I duvet days sono giornate di stop dal lavoro che alcune aziende inglesi concedono ai propri dipendenti perché possano rifugiarsi dallo stress e prendersi cura di sé. Un duvet day è, quindi, una giornata dedicata al tempo libero, al benessere o alla salute mentale, lontano dal lavoro senza alcun obbligo di preavviso.

«In Italia non ci sono esperienze simili. Intesa San Paolo, Lamborghini e Luxottica hanno previsto sperimentazioni in materia di “settimana corta” e a queste prime probabilmente ne seguiranno altre», chiarisce Alifano. «Il problema che si pone, però, riguarda la riduzione dell’orario di lavoro non solo nelle grandi aziende, nelle quali produttività e tasso di innovazione tecnologica sono talmente alte da coprire il costo della riduzione, ma anche nelle piccole aziende. Il capitalismo italiano, infatti, si caratterizza per l’alta intensità della manodopera nel processo produttivo e, dunque, è necessario immaginare come compensare la perdita di produttività che deriverebbe dalla riduzione dell’orario sia attraverso investimenti in innovazione sia immaginando di superare la centralità dell’ora lavoro nella misurazione della prestazione lavorativa».

Diritto alla disconnessione? Yes, please

Un altro dei temi spinosi è questo: come gestire quel tempo libero e liberato dal lavoro? Con un telefono sempre collegato 24 ore su 24, sette giorni su sette, 365 giorni all’anno, sapremmo veramente “staccare”? Lei cosa ne pensa?
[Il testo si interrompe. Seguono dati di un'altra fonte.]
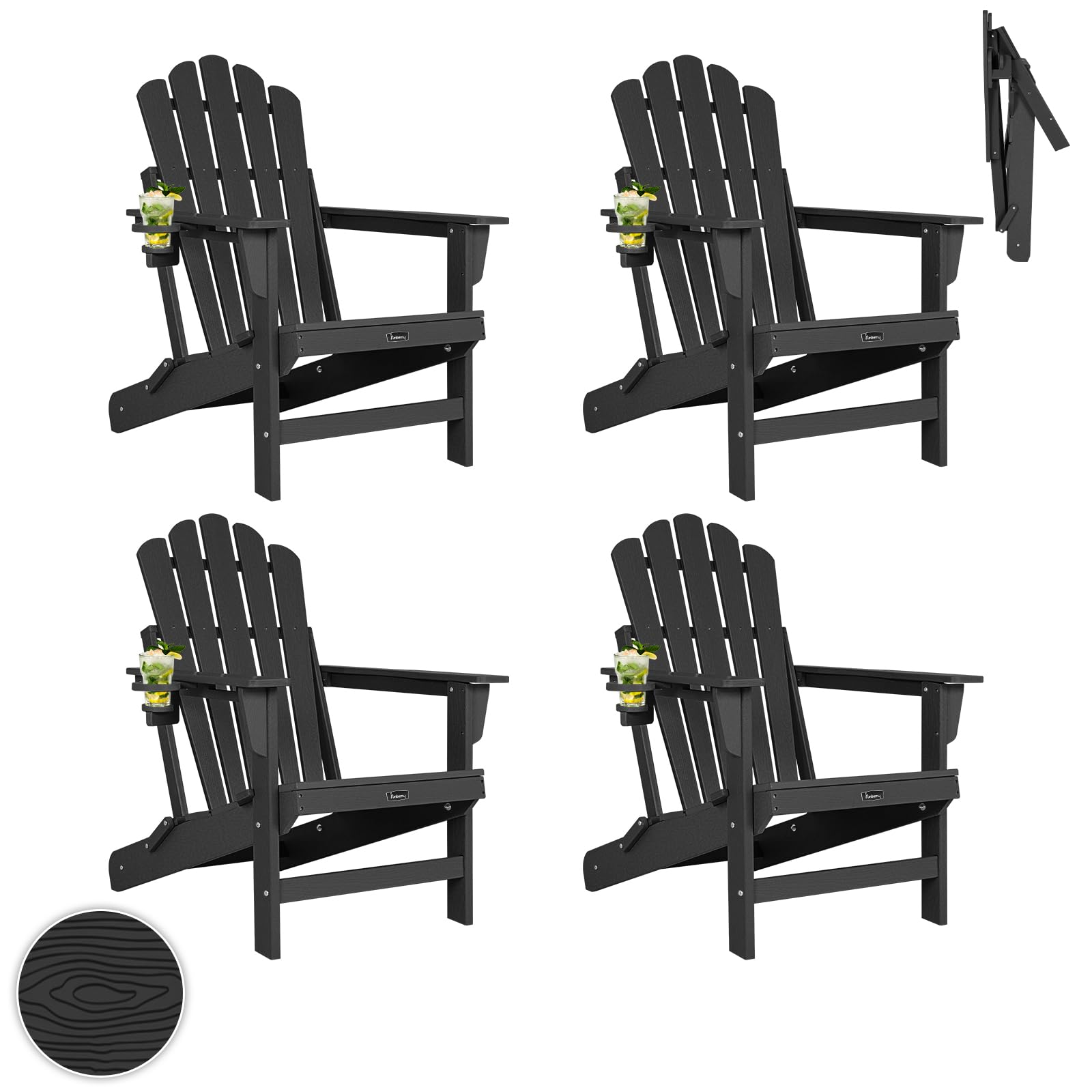 FUNBERRY Oversized Folding Adirondack Chair Set of 4, Fire Pit Chair 400LBS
«Uno dei grandi obiettivi della contemporaneità è quello di ridiscutere la centralità dell’ora lavoro nella misurazione della prestazione lavorativa, poiché solo in questo modo è possibile permettere ai lavoratori di poter gestire con maggiore autonomia l’alternanza dei tempi di lavoro e di non lavoro», spiega Alifano – «Al timore della diffusione di una cultura dell’always on, dunque, bisogna rispondere immaginando di dischiudere (con le giuste e opportune tutele previste dalla legge e dall’autonomia collettiva) spazi di autonomia per i singoli lavoratori, che devono poter godere di un maggiore potere nella determinazione del proprio tempo di lavoro, scegliendo quando lavorare. È questa, d’altronde, la logica del lavoro agile, come modalità di esecuzione del rapporto di lavoro subordinato organizzata per fasi, cicli e obiettivi e senza precisi vincoli di orario o di luogo di lavoro».

Come emerge dal recentissimo rapporto dell’Eurofound dal titolo “Right to disconnect: implementation and impact at company level”, nel giugno 2023, nove Stati membri disponevano di una legislazione inerente al diritto alla disconnessione (Belgio, Croazia, Francia, Grecia, Italia, Lussemburgo, Portogallo, Slovacchia e Spagna).

La Francia è stato il primo paese europeo a introdurre il diritto alla disconnessione, mediante un suo provvedimento, il c.d. Codice del Lavoro del 2016.

In Italia, la legge 22 maggio 2017 (n. 81 sulle misure per la tutela del lavoro autonomo e misure per incoraggiare l’articolazione flessibile di orario e luogo di lavoro), si applica a tutte le aziende pubbliche e private. La legge non riconoscere esplicitamente la disconnessione come un diritto, ma ne prevede la regolamentazione mediante contrattazione individuale tra datore di lavoro e lavoratore. In Italia, le modalità di connessione e disconnessione sono parte integrante dei contratti individuali dei lavoratori “smart” e vengono pertanto negoziate tra il lavoratore e il datore di lavoro.

«L’Italia è stato il secondo paese dell’Ue ad introdurre normative relative al diritto alla disconnessione attraverso accordi di lavoro “agili”», spiega Paola de Vita, ADAPT Professional Fellow. «Questi accordi dovrebbero contemplare il diritto del lavoratore al tempo di riposo e le misure tecniche e organizzative necessarie per garantire la disconnessione dagli strumenti tecnologici utilizzati durante il lavoro».
Nel 2021, due accordi interconfederali per il settore pubblico e privato hanno ribadito il diritto alla disconnessione all’interno di modalità di lavoro flessibili e agili: il Patto per l’Innovazione del Lavoro Pubblico e la Coesione Sociale e il Protocollo Nazionale sul Lavoro Agile nel Settore Privato; quest’ultimo stabilisce le disposizioni per l’attuazione del diritto alla disconnessione per i dipendenti.